WORK REQUEST >> Only the pictures are dropped; the lines of the material that follow are returned exactly.

DATA FOR PROCESSING >>
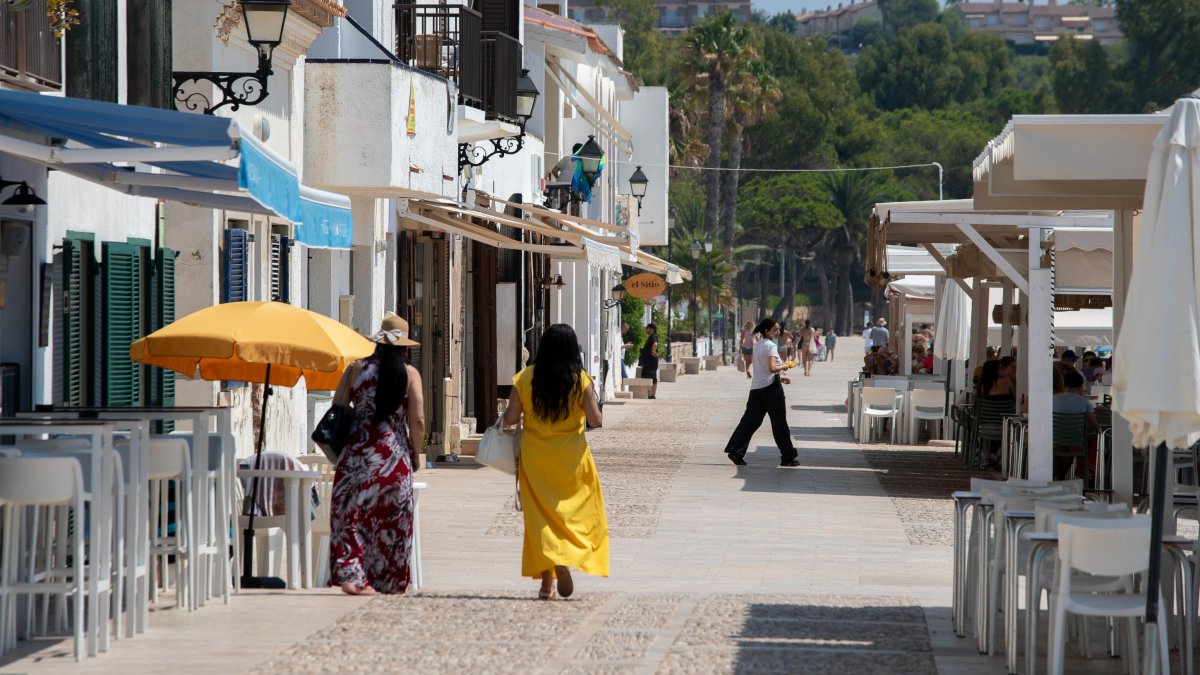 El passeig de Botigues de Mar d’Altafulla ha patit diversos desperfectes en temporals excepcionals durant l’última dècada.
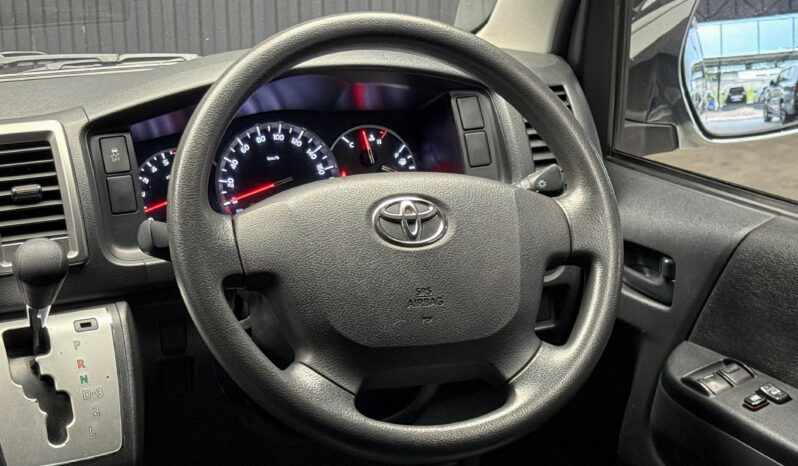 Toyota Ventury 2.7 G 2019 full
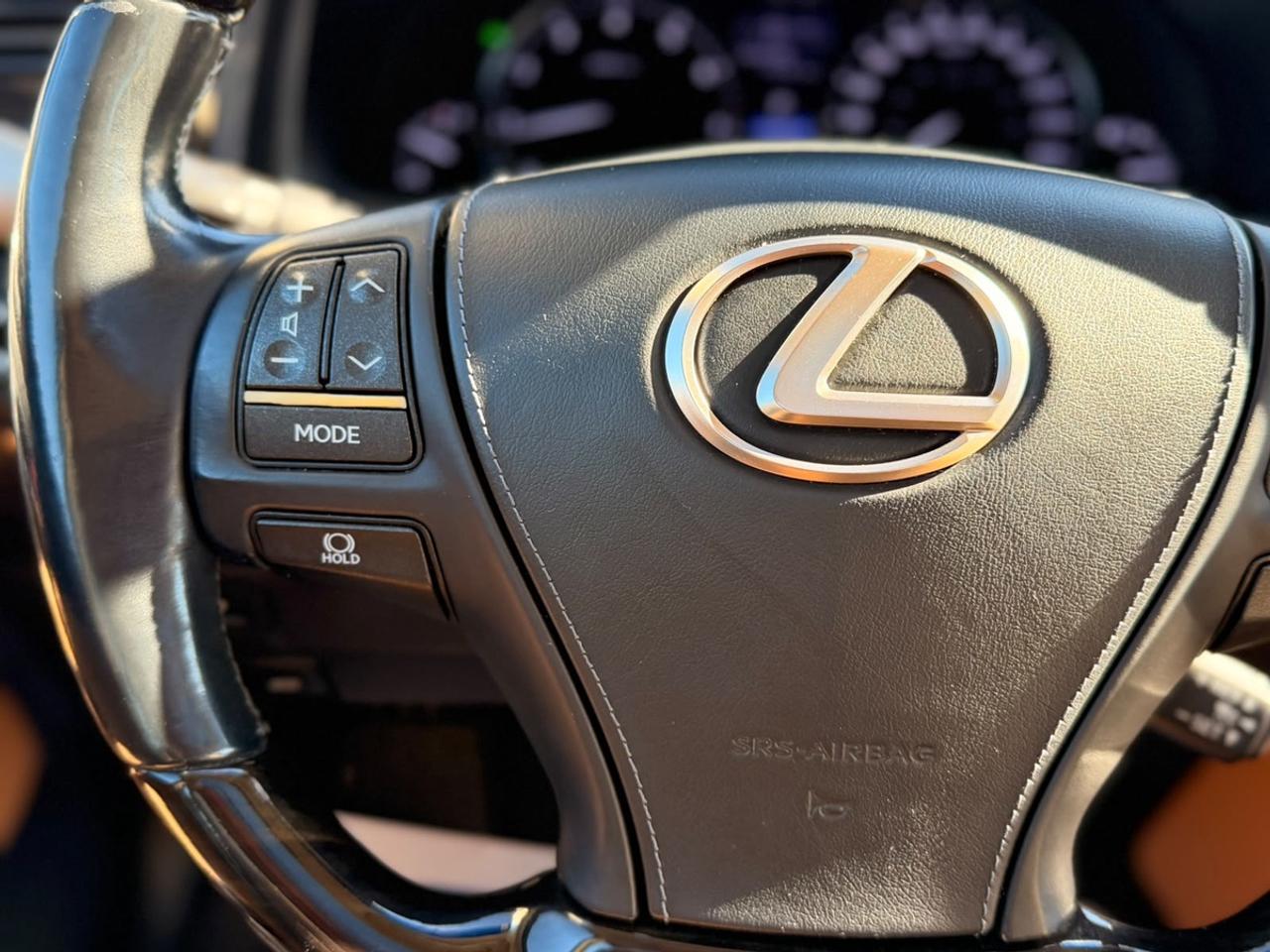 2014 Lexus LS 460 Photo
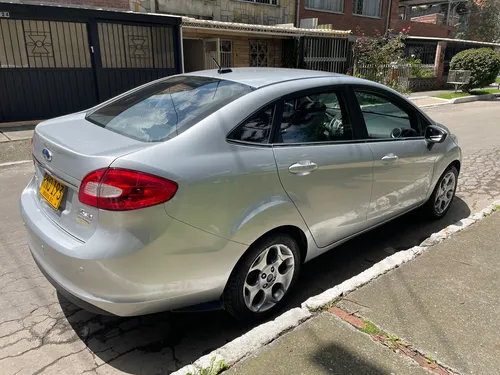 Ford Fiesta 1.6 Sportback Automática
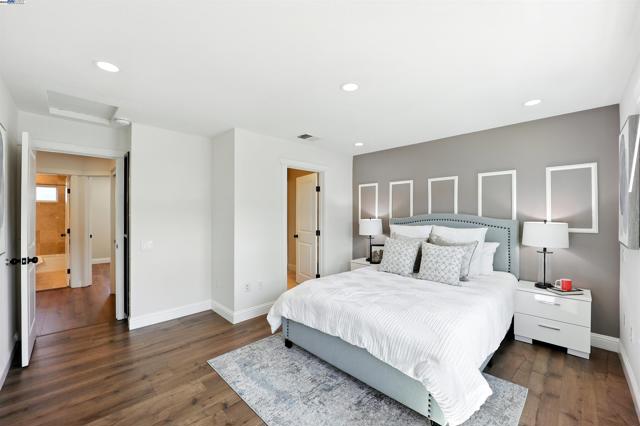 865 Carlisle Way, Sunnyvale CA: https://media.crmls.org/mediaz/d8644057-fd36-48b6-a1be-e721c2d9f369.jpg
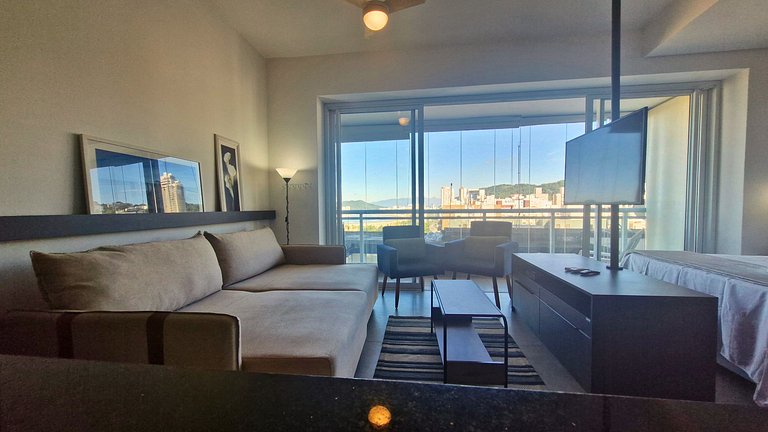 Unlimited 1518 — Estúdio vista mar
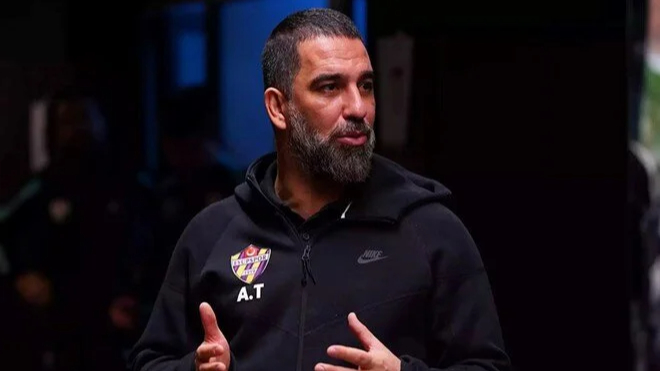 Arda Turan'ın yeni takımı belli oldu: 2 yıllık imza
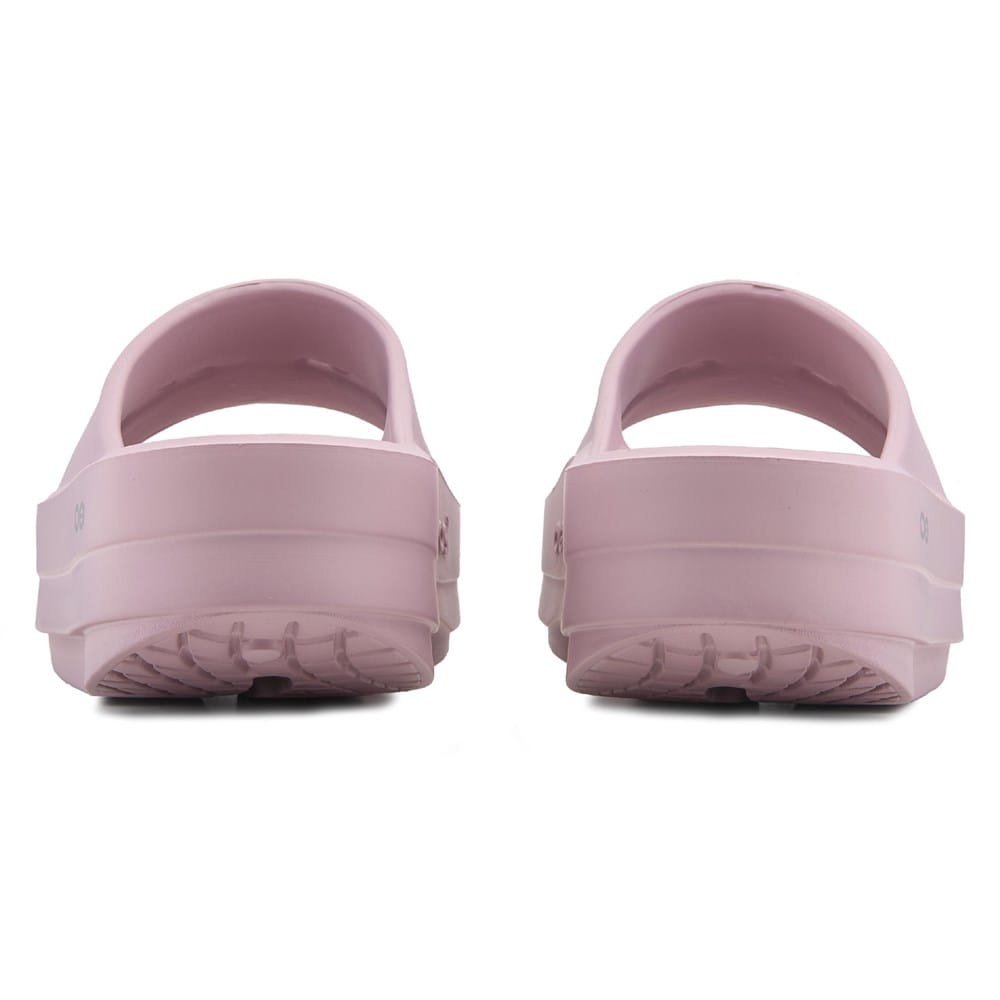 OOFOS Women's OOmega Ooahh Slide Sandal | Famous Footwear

EXERCISE RESULT >>
 El passeig de Botigues de Mar d’Altafulla ha patit diversos desperfectes en temporals excepcionals durant l’última dècada.
 Toyota Ventury 2.7 G 2019 full
 2014 Lexus LS 460 Photo
 Ford Fiesta 1.6 Sportback Automática
 865 Carlisle Way, Sunnyvale CA: https://media.crmls.org/mediaz/d8644057-fd36-48b6-a1be-e721c2d9f369.jpg
 Unlimited 1518 — Estúdio vista mar
 Arda Turan'ın yeni takımı belli oldu: 2 yıllık imza
 OOFOS Women's OOmega Ooahh Slide Sandal | Famous Footwear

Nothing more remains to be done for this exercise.